Among the lines below, output only those between the line holding "Green lace overlay sleeveless top." and the line holding "A dining table", inclusive, exactly as written and with no pictures.

--- DATA SUPPLIED ---

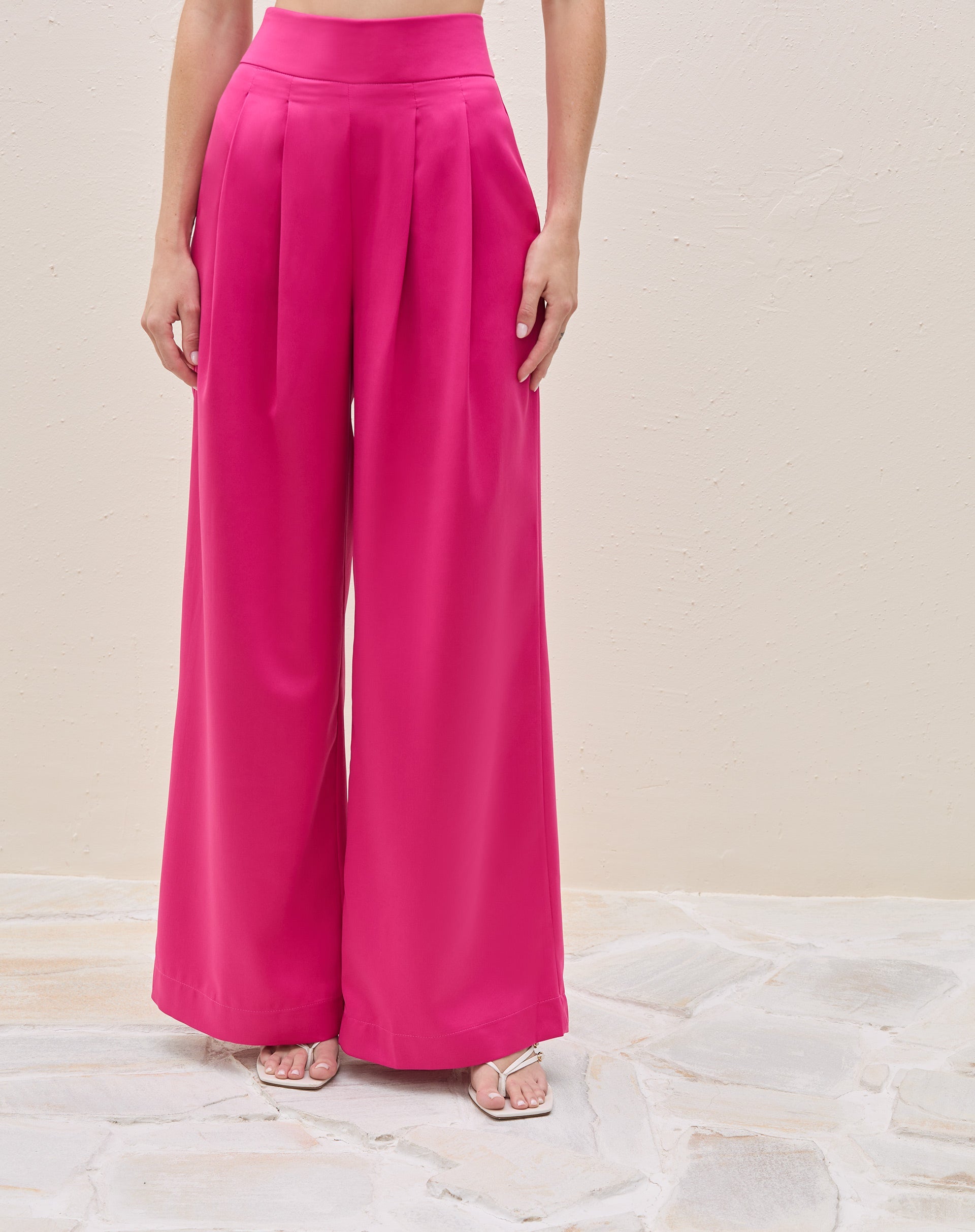 Modelo vestindo calça wide leg rosa escuro com pregas e top branco, vista lateral.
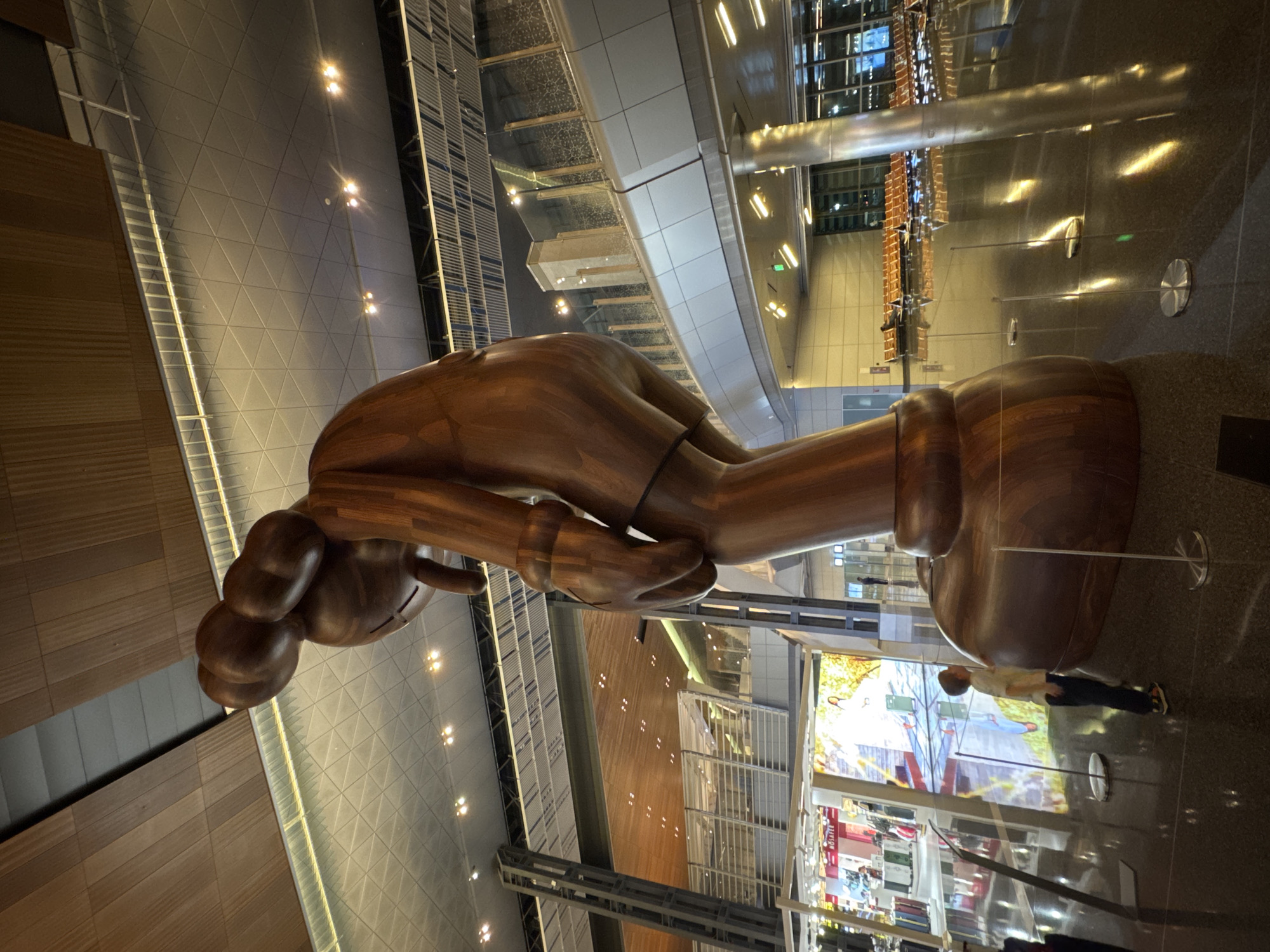 The image shows a large wooden sculpture of a character with a bent posture, in the center of an indoor space. The sculpture is made of polished wood and has smooth, rounded forms. In the foreground, a young boy in casual clothing stands to the left of the sculpture, looking up at it. The environment appears to be a modern, spacious building with a high ceiling and reflective floors. The ceiling is a complex structure of wood panels and metallic elements, with recessed lighting. In the background, there are rows of empty seats, suggesting a waiting area or a public concourse. There are also shopfronts and large digital screens displaying imagery. The architectural style and the presence of modern amenities suggest this is a public space, likely an airport terminal or a large exhibition hall. The image was taken in the Hamad International Airport in Doha, Qatar, which is known for its large-scale art installations. The lighting in the scene is artificial, casting reflections on the polished floor and highlighting the smooth surfaces of the sculpture. The overall impression is one of a contemporary, well-lit, and architecturally significant indoor public space.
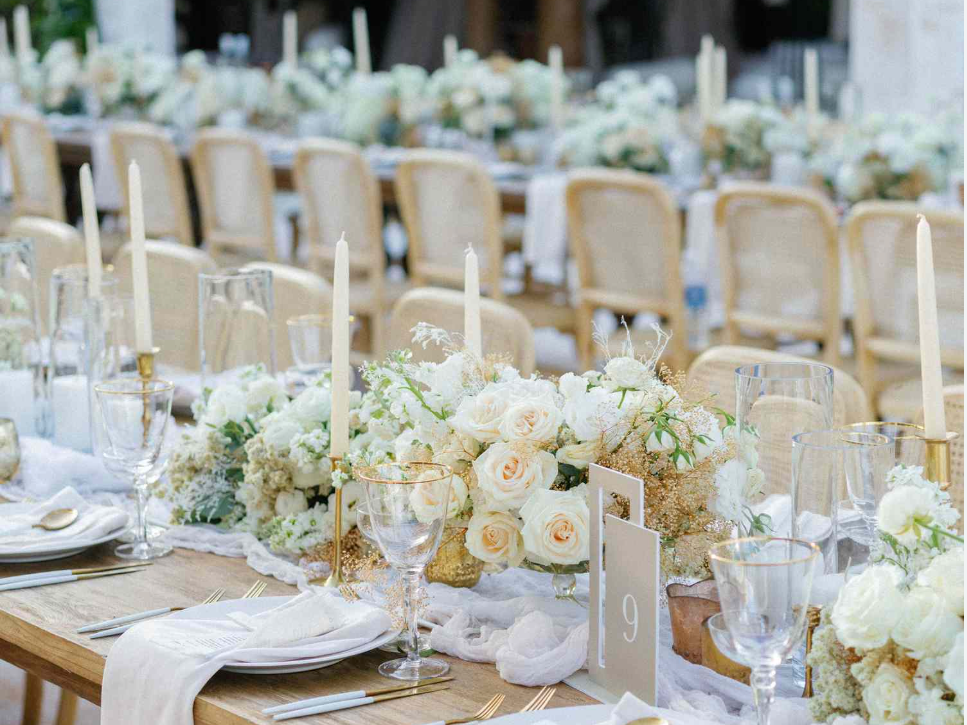 Elegant wedding reception table decorated with white roses, candles, and glassware.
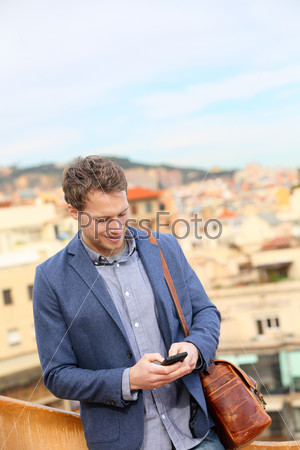 Young urban businessman professional using smartphone using app texting sms message on smart phone wearing trendy suit jacket in Barcelona, Catalonia, Spain. Caucasian male fashion model.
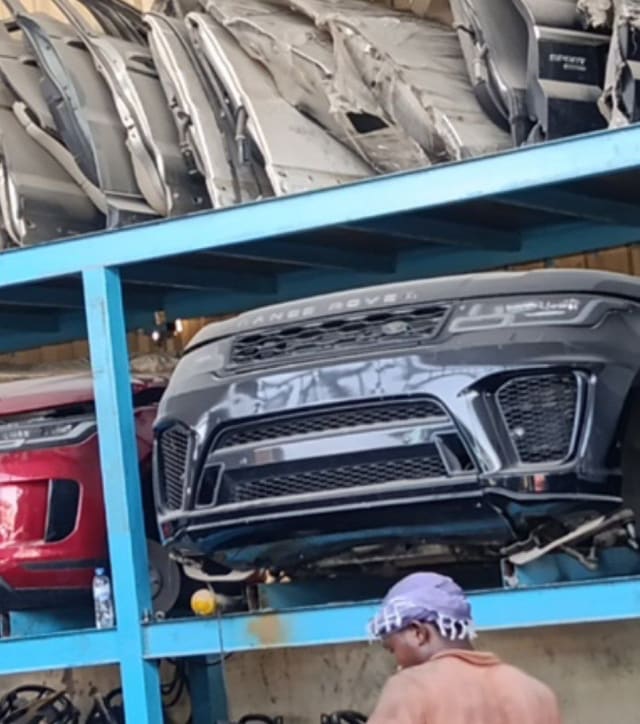 Dark grey Range Rover Sport front halfcut on a rack — bumper, grille, headlight, Sharjah market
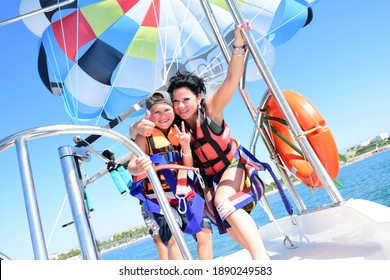 Antalya Turkey 15.10.2020: Mother and son flying with parasailing on holiday after corona time.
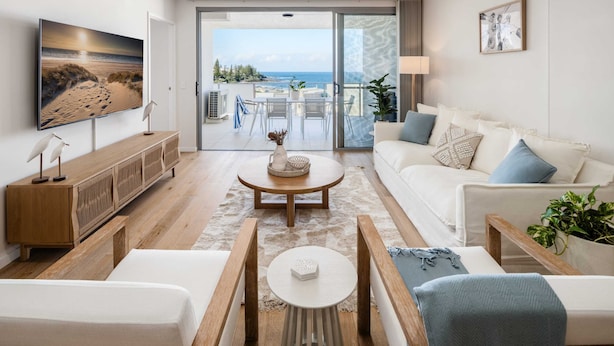 Una sala moderna con un televisor de pantalla plana grande, una consola de madera, un sofá blanco y un comedor con mesa y sillas.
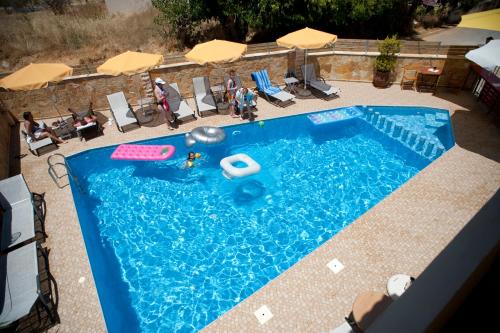 an overhead view of a swimming pool with people in it at Nikolas Suites in Kato Daratso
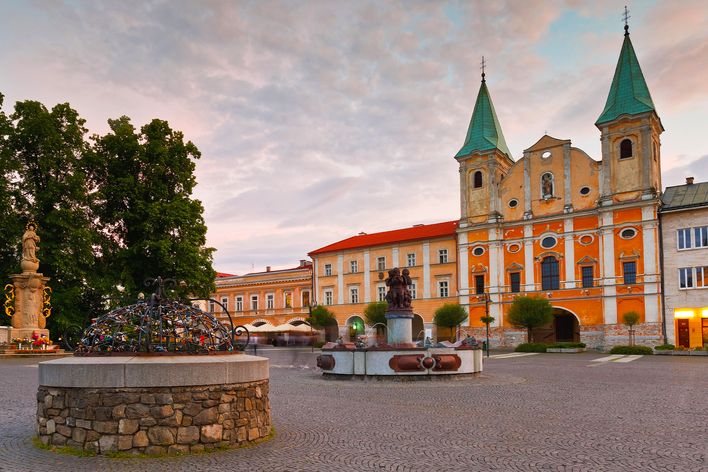 Zentralplatz von Žilina mit historischer Architektur, Kirche und Brunnen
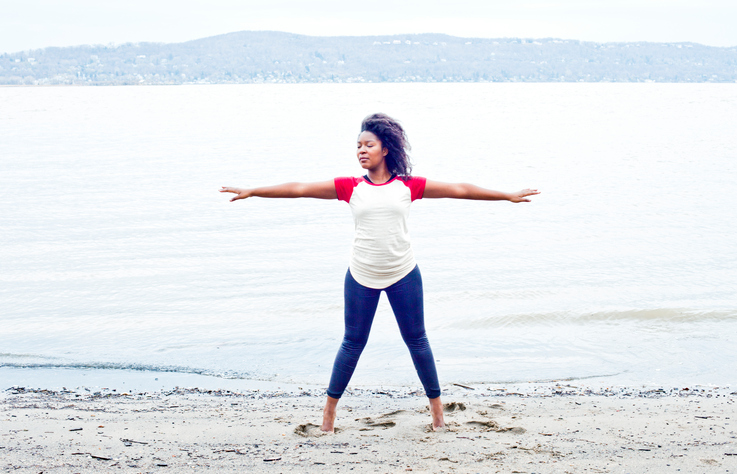 Black woman practicing yoga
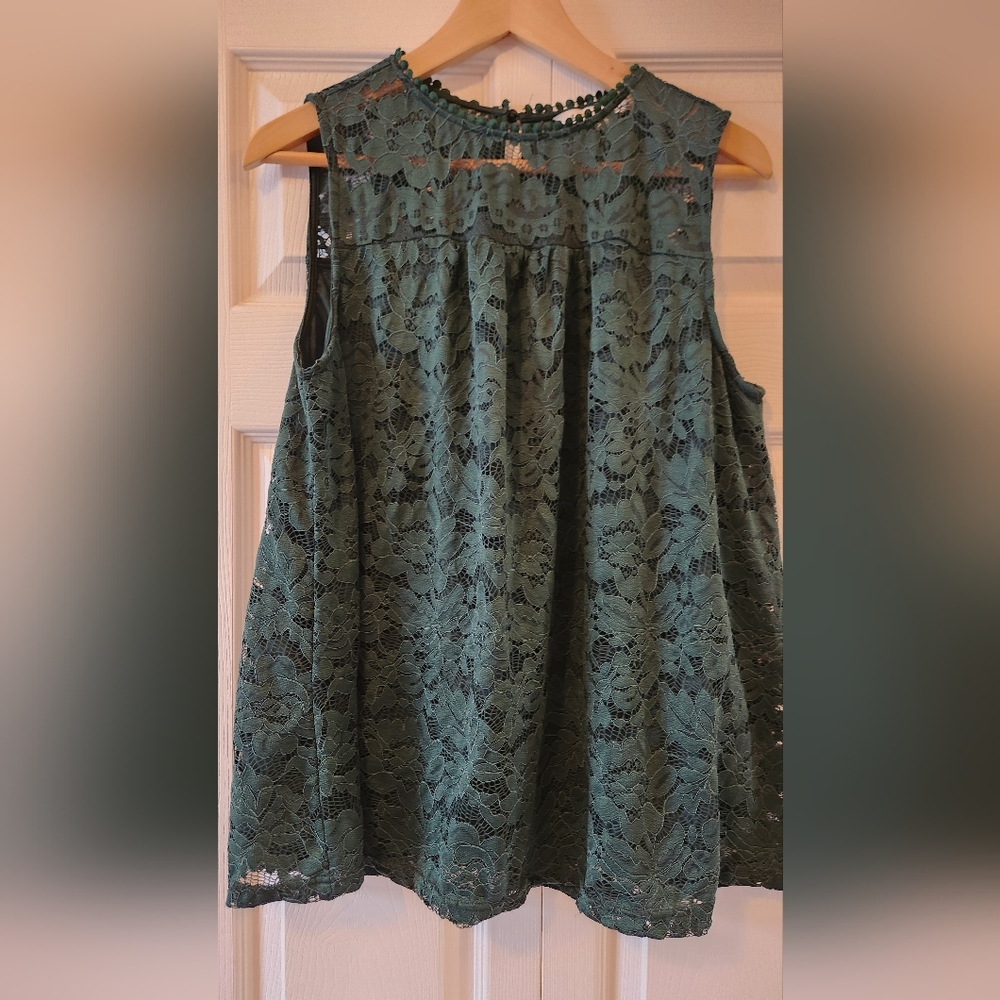Green lace overlay sleeveless top.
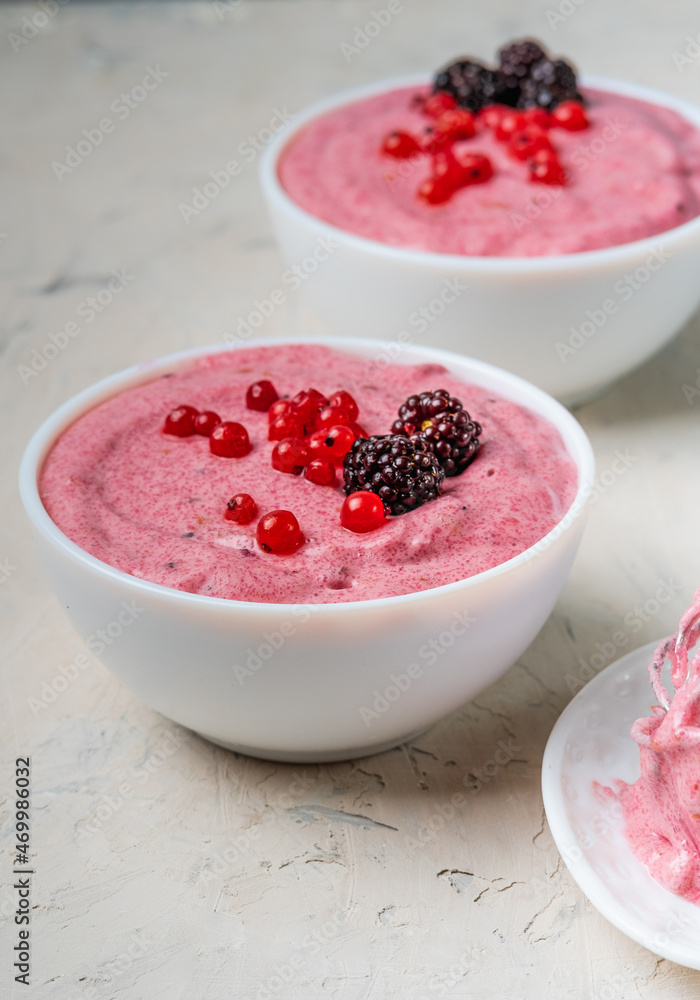 A healthy pudding of semolina and currant with blackberries served in a white bowl. A healthy pudding of semolina and currant with blackberries served in a white bowl.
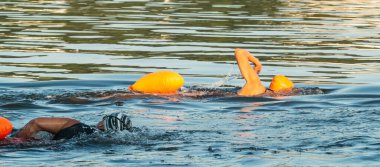 Bir kafe ve bir Afrikalı Amerikalı yüzücü denizde triatlonlara hazırlanmak için yan yana yüzüyorlar..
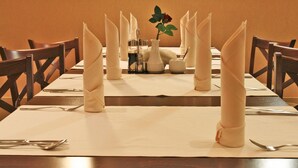 A dining table set for a meal with folded napkins, a vase with a flower, and a salt and pepper set. - Hotel Rural Puerta De Caderechas (Oña)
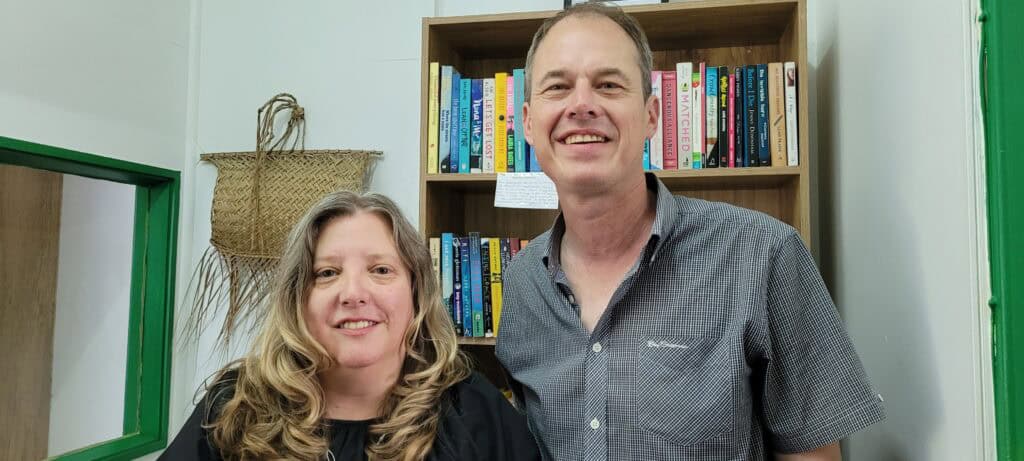 Two people standing before a bookshelf, one woman with blond hair and a tall man.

---

§ SOLUTION FOR THIS TASK
Green lace overlay sleeveless top.
 A healthy pudding of semolina and currant with blackberries served in a white bowl. A healthy pudding of semolina and currant with blackberries served in a white bowl.
 Bir kafe ve bir Afrikalı Amerikalı yüzücü denizde triatlonlara hazırlanmak için yan yana yüzüyorlar..
 A dining table set for a meal with folded napkins, a vase with a flower, and a salt and pepper set. - Hotel Rural Puerta De Caderechas (Oña)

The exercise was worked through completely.